Early stages of RGC and cone formation are abnormal in Math5^−/− retinae. Micrographs of retinal sections from E15.5 (A–F) and E13.5 (G,H) embryos and P0.5 newborn mice (I,J). (A,B) Hematoxylin and Eosin-stained sections of wild-type (A) and Math5^−/− (B) retinae. Mutant retinae are thinner in the radial dimension. Arrows in both panels indicate the position of eosinophilic RGC axon fibers, which are apparent in A but largely absent in B. (C,D) β-gal expression in Math5^+/− and Math5^−/− retinal sections. Arrows indicate the RGC axon fibers in heterozygotes that are greatly reduced in the mutant. Math5^−/− β-gal-expressing cells are distributed across the retinal thickness (top to bottom of D). (E,F) Anti-β-tubulin (TUJ1) immunostaining of E15.5 retinae. A well formed GCL is apparent in the wild-type (E), but is greatly diminished in the Math5^−/− retina (F). (G,H) Neurofilament (160 kDa) immunostaining highlights the failure of Math5^−/− retinae to form a significant number of RGCs at an early stage. Arrows indicate a normal optic nerve in wild-type (G) and abnormal axons in the Math5 mutant that do not exit the eye (H). (I,J) Recoverin immunostaining demonstrates an early increase in the density of cone photoreceptors in Math5^−/− mice (J). on, optic nerve; gcl, ganglion cell layer. Bars are 100 μm in A,E,I; 20 μm in D; and 50 μm in G.

Fig. 7

Binary cell fate switch between RGCs and cones in Math5^−/− mice.
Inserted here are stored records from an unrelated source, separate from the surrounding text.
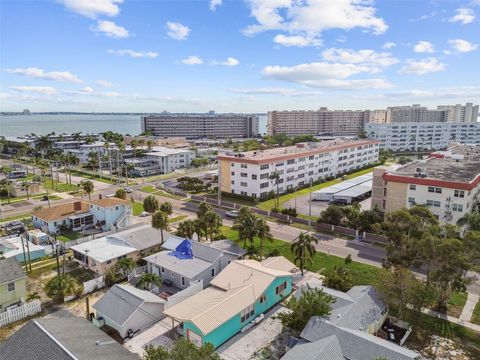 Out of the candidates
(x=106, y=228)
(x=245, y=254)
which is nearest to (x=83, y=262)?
(x=106, y=228)

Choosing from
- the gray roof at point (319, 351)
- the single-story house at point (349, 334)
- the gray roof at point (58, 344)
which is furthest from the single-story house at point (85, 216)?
the gray roof at point (319, 351)

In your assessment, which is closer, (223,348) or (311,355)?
(311,355)

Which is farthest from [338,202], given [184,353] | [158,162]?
[158,162]

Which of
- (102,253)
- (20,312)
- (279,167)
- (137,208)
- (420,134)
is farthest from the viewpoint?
(420,134)

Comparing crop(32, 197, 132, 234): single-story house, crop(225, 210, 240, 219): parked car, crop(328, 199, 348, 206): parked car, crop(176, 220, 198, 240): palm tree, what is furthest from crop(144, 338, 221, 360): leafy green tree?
crop(328, 199, 348, 206): parked car

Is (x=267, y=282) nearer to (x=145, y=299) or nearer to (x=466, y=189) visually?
(x=145, y=299)

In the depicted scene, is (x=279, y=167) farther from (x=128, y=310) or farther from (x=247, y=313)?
(x=128, y=310)

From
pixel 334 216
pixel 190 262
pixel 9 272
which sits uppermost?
pixel 9 272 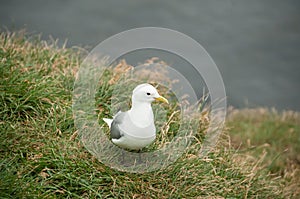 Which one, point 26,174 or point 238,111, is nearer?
point 26,174

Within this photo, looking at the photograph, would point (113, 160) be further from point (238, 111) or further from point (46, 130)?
point (238, 111)

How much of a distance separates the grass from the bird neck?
28.1 inches

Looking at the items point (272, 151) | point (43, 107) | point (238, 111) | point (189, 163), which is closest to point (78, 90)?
point (43, 107)

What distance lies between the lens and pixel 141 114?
377 centimetres

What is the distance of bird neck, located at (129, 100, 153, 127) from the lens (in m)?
3.77

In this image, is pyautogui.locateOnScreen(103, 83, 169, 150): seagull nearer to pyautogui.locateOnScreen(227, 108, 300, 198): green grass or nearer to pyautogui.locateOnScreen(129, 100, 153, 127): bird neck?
pyautogui.locateOnScreen(129, 100, 153, 127): bird neck

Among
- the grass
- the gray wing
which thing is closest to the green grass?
the grass

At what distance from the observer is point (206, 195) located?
174 inches

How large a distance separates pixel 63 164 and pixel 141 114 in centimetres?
99

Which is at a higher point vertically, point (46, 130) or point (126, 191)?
point (46, 130)

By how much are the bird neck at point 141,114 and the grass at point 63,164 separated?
71 centimetres

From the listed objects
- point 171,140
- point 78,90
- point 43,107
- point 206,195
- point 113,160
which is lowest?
point 206,195

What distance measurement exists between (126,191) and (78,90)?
1786 mm

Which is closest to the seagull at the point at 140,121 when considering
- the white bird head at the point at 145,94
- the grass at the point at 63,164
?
the white bird head at the point at 145,94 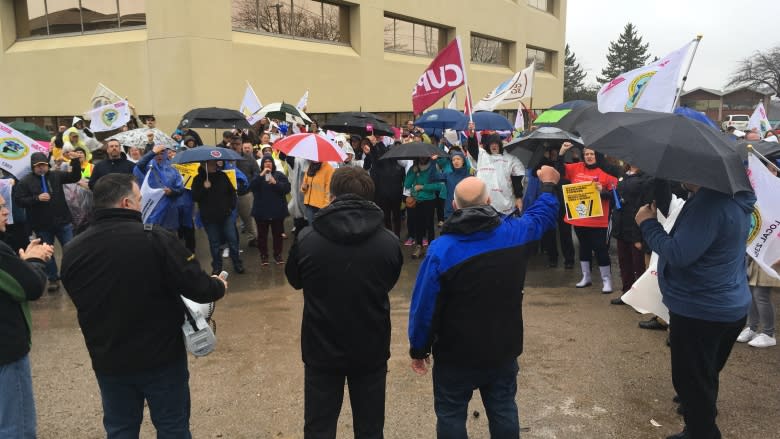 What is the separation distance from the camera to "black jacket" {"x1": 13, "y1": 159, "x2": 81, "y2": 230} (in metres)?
7.24

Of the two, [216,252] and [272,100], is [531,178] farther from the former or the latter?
[272,100]

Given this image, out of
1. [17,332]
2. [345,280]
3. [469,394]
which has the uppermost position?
[345,280]

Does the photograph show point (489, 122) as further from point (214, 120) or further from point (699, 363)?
point (699, 363)

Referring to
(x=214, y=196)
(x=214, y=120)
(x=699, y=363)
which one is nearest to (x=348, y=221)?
(x=699, y=363)

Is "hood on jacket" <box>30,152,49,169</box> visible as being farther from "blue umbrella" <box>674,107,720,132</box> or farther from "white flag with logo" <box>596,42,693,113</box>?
"blue umbrella" <box>674,107,720,132</box>

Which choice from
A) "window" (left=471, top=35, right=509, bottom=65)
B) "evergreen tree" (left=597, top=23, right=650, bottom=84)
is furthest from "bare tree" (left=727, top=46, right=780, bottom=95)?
"window" (left=471, top=35, right=509, bottom=65)

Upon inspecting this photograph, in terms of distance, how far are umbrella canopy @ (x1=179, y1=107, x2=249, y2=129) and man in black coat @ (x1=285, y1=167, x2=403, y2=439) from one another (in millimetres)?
8702

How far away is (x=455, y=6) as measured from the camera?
2588cm

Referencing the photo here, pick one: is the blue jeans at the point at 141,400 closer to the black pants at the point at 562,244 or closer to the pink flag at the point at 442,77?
the black pants at the point at 562,244

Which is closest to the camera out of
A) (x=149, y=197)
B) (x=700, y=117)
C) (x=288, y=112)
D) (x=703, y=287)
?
(x=703, y=287)

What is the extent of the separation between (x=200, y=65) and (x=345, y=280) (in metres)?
14.8

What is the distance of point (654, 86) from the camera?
5.62 meters

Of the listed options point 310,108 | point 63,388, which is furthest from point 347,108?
point 63,388

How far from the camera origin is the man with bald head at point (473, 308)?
3.05 meters
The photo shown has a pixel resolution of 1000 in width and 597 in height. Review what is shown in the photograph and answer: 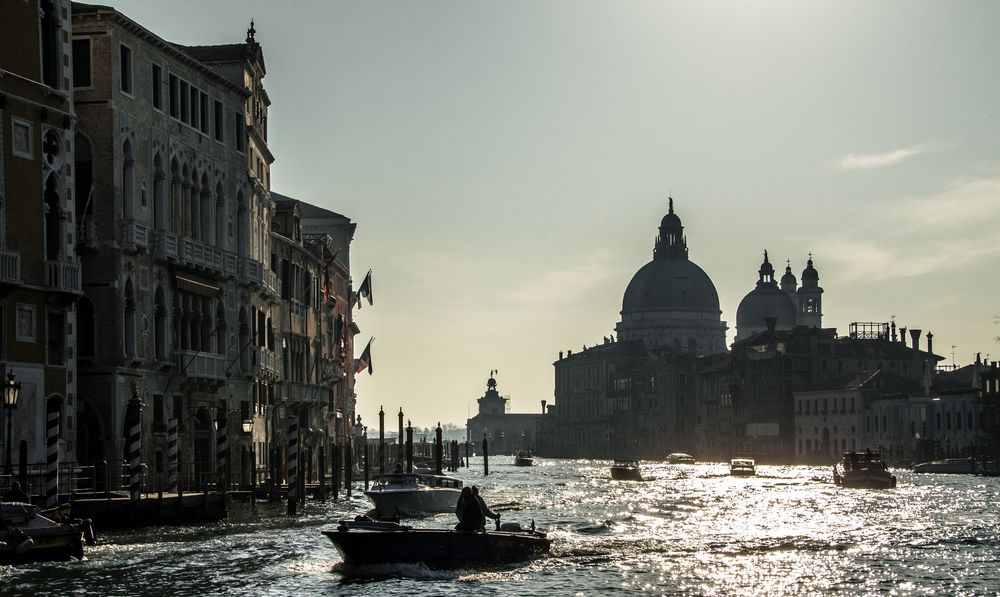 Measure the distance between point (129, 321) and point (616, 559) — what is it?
17.9 metres

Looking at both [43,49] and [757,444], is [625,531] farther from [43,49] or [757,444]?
[757,444]

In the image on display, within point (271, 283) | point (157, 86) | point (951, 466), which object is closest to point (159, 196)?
point (157, 86)

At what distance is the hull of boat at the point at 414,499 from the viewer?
54031mm

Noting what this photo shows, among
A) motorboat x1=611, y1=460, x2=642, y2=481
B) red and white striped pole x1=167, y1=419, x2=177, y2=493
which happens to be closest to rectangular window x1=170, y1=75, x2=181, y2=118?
red and white striped pole x1=167, y1=419, x2=177, y2=493

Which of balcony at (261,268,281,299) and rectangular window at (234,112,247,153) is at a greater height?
rectangular window at (234,112,247,153)

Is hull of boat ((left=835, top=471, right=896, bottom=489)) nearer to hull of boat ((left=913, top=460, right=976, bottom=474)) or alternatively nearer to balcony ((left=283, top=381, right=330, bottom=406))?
balcony ((left=283, top=381, right=330, bottom=406))

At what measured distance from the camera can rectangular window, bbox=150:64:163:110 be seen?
166ft

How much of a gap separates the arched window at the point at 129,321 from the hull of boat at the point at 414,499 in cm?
969

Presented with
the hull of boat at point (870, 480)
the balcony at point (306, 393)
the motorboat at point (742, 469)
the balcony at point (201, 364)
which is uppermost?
the balcony at point (201, 364)

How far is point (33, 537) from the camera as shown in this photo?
102ft

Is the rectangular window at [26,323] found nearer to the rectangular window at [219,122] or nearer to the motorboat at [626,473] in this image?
the rectangular window at [219,122]

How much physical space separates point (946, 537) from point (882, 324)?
430 ft

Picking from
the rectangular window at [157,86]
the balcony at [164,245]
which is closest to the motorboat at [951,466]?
the balcony at [164,245]

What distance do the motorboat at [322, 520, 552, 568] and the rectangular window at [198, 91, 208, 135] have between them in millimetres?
24307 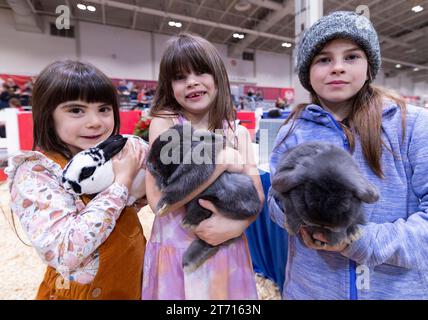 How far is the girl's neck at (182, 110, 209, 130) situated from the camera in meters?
0.54

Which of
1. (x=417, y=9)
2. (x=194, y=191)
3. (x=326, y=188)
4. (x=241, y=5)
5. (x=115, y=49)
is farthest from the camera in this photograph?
(x=115, y=49)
On the left, diagrams summarize wild-type (upper) and mutant (lower) retinal phenotypes. RGCs are missing and cones are increased in the mutant. The nuclear layers are indicated by shading. The inner nuclear (INL) and plexiform layers are significantly thinner in the mutant and lamination is disrupted in places. On the right, diagrams depict three models that explain the shift from RGCs to cones, which are outlined in the text. In addition to the multipotent progenitor and hypothetical bipotential precursor cells, five differentiated retinal cell types are represented (RGCs, cones, amacrines, bipolars, and rods).